Updated on: 12/01/2024
Welcome to this extensive guide on harnessing the full potential of our short-term rental market analysis reports, empowering you to discover prime investment locations, identify the characteristics and amenities of top-performing properties, and accurately forecast their net revenue.
The end goal of our reports is to shed light on what works best in the current short term rentnal market, so you can assess the option of starting a short-term rental right next door.
Let’s begin by the exploring how to identify prime locations for Short-Term Rentals (STR).
The objective in this first page of the report is to identify areas with high demand for short-term rentals throughout the entire year. To achieve this, we will use two filters that control the number of reviews for the listings displayed on the map (Figure 1, points 1 & 2). The top filter (1) manages the total number of reviews accumulated since the listing was created on Airbnb, while the second filter (2) regulates the number of reviews received in the last year.
We rely on reviews as the primary indicator for demand, and not on the unavailable days in calendars, for two distinct reasons:
To safeguard investors from overestimating the number of bookings of a specific listing, we will rely on the number of reviews, along with another parameter that we will discuss shortly.
Going back to the first page of the report, increasing any of the two first filters will help refine the map by eliminating listings with lower demand.
You can use the left dial to establish the minimum number of reviews and the right dial for the maximum number of reviews a listing can have.
For instance, you might employ the first case to identify areas with high demand and the latter for areas saturated with listings that struggle to secure bookings.
The next filter(3) adds a new dimension to your analysis by narrowing down listings based on their rating score. Generally, top-performing listings tend to have a high rating score, very close to 5 stars.
The last filter on this page, as previously mentioned, is the parameter used to calculate the number of bookings (4).

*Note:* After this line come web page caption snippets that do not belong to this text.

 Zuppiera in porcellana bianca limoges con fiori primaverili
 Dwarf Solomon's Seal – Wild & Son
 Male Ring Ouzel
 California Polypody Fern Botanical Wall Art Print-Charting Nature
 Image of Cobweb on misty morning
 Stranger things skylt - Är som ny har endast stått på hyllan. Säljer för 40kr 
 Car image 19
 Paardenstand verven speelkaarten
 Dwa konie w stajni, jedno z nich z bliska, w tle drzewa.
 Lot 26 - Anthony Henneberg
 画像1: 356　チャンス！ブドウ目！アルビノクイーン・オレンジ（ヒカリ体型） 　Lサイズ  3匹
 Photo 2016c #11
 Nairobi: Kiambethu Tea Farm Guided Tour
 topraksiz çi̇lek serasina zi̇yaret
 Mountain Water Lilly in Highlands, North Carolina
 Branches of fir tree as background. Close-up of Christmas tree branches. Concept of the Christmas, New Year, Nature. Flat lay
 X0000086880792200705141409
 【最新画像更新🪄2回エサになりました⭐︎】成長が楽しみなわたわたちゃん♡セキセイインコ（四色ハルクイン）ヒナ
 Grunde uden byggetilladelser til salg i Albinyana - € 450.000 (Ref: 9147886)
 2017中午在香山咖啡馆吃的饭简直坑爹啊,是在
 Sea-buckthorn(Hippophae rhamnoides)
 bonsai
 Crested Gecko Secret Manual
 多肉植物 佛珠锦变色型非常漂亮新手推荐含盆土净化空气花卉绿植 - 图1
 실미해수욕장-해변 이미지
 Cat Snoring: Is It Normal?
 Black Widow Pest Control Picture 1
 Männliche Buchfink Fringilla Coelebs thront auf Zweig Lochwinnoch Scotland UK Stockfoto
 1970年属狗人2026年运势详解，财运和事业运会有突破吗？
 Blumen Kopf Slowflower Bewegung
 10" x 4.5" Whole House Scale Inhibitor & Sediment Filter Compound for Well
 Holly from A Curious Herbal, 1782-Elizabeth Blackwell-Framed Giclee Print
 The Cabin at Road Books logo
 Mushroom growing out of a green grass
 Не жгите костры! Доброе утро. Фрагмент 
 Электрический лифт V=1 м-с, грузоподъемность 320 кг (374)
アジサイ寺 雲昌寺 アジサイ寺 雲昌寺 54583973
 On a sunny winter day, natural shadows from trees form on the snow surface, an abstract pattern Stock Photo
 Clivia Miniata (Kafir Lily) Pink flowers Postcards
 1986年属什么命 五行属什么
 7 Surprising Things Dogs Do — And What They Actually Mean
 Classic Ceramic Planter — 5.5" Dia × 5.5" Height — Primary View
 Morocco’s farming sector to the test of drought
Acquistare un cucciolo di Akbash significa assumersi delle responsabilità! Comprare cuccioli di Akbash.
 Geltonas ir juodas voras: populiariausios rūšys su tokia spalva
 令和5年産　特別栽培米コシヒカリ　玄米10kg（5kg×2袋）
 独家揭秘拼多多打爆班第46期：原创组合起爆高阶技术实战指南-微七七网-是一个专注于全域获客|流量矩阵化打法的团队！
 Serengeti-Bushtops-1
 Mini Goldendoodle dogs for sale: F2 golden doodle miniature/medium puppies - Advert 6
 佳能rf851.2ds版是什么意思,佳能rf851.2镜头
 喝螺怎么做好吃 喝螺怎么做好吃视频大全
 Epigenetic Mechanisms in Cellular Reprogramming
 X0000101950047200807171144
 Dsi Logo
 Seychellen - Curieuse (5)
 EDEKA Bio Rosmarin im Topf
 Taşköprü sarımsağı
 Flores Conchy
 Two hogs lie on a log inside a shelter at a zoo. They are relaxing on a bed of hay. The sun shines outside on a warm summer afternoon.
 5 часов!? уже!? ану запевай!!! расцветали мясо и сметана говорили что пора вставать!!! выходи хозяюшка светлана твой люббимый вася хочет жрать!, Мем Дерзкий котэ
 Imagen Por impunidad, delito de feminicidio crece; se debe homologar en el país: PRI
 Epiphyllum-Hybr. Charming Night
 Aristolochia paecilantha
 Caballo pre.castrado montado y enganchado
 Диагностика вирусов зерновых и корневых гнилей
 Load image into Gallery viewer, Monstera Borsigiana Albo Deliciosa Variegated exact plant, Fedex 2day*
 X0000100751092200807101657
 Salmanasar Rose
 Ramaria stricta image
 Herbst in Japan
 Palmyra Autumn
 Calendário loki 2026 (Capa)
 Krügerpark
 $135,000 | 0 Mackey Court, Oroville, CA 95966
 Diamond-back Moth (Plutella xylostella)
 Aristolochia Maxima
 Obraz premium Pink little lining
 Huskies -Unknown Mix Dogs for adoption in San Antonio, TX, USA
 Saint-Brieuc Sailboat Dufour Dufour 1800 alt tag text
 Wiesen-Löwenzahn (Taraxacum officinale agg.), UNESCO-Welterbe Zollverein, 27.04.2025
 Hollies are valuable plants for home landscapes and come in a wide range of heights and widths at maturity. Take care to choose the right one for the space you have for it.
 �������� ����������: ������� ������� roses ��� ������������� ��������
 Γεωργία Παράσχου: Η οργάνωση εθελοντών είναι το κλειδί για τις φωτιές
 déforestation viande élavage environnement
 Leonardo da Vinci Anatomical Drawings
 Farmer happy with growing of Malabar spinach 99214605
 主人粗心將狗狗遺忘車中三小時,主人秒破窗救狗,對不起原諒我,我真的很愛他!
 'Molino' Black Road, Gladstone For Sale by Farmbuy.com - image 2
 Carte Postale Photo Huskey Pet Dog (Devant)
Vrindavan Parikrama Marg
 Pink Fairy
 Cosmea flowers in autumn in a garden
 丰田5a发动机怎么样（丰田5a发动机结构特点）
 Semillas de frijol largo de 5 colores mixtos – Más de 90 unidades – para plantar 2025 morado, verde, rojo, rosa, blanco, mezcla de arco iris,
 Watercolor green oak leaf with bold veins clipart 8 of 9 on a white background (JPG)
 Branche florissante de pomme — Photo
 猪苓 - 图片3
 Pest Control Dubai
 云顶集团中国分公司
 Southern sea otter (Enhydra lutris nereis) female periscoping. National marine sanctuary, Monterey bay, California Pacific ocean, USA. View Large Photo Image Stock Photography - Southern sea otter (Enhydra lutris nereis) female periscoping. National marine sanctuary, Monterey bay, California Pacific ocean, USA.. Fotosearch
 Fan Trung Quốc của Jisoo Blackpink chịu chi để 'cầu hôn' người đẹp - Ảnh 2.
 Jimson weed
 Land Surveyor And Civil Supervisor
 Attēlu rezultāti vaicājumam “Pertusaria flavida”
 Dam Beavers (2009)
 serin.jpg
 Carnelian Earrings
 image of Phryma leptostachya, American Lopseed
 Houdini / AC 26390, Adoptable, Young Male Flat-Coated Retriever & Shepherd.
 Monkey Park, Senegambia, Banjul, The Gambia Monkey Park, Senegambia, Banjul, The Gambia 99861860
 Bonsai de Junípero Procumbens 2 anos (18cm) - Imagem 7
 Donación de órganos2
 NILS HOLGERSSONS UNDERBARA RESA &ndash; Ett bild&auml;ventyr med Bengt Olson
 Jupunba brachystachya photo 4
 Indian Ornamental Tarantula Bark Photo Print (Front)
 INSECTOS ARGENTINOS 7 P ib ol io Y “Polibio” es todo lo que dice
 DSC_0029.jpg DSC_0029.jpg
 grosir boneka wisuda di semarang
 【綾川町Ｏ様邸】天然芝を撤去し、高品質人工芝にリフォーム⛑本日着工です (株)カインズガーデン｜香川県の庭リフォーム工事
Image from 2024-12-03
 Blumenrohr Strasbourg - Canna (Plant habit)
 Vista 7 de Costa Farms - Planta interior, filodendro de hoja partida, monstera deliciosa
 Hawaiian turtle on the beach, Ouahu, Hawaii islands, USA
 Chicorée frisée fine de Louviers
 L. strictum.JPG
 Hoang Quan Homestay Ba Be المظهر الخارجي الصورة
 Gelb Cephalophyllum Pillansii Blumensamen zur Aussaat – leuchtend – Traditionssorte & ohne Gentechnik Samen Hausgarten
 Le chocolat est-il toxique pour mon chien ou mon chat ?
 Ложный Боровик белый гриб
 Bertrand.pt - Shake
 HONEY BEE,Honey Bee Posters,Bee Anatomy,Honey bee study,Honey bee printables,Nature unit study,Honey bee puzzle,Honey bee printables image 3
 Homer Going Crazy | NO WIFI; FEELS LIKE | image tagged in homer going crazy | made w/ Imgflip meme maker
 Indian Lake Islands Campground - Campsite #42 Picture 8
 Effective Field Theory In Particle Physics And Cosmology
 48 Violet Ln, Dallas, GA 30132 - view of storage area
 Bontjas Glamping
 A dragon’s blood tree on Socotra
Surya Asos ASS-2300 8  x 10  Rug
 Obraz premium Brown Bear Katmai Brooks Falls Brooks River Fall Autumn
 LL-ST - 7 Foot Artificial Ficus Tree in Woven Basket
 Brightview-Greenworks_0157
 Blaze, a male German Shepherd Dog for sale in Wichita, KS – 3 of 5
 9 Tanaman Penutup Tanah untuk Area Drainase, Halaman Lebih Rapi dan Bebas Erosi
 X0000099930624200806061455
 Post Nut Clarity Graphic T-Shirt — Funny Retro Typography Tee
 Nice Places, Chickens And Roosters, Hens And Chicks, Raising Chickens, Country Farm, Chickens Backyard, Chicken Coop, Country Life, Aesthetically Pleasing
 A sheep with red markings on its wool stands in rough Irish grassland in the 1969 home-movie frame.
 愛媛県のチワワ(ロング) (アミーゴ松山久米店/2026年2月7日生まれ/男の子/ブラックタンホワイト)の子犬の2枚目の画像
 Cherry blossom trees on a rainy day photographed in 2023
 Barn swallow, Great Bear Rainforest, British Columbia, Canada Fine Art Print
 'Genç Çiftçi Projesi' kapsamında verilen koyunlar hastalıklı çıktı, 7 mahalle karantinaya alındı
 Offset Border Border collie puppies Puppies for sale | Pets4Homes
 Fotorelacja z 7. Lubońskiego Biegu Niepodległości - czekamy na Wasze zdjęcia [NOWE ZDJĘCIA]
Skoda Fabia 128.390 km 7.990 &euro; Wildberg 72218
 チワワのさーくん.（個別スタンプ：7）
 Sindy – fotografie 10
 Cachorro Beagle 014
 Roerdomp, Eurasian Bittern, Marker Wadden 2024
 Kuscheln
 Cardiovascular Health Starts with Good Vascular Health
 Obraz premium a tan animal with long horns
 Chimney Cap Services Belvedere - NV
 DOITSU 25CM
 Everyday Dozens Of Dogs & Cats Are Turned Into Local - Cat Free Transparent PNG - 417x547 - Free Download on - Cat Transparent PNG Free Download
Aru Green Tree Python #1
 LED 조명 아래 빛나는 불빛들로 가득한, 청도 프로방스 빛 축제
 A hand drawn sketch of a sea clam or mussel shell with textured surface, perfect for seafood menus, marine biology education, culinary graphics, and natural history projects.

To achieve this, we take into account that not all guests will leave a review after their stay. Therefore, this parameter represents the percentage of guests who booked and subsequently left a review.
As an example, if this parameter is 100%, each review corresponds to one booking. On the other hand, if the parameter is 50%, then each review corresponds to two bookings.
So, what value should you assign to this parameter?
According to a post by the CEO of Airbnb Brian Chesky, this parameter is, on average, 72%. Naturally, for top-performing listings, this value tends to be higher, as hosts often actively encourage their guests to leave a review with the maximum rating after their stay.
As shown below, under identical conditions, a higher value of this parameter correlates with lower occupancy rates and revenue.
Below, you can find more details about the variables computed on this page:
The occupancy rate is determined under the premise that the listing is available for rent every day of the year, totaling 365 days. Therefore, this value represents the percentage of days that the listing was booked during the last 12 months. To compute the number of days booked, we employ the number of reviews in the last year, the bookings-to-review parameter, and the average stay, which will be discussed below.
This figure is determined by examining stays that are less than 14 days in length and computing the mean length of stay across all listings on the map.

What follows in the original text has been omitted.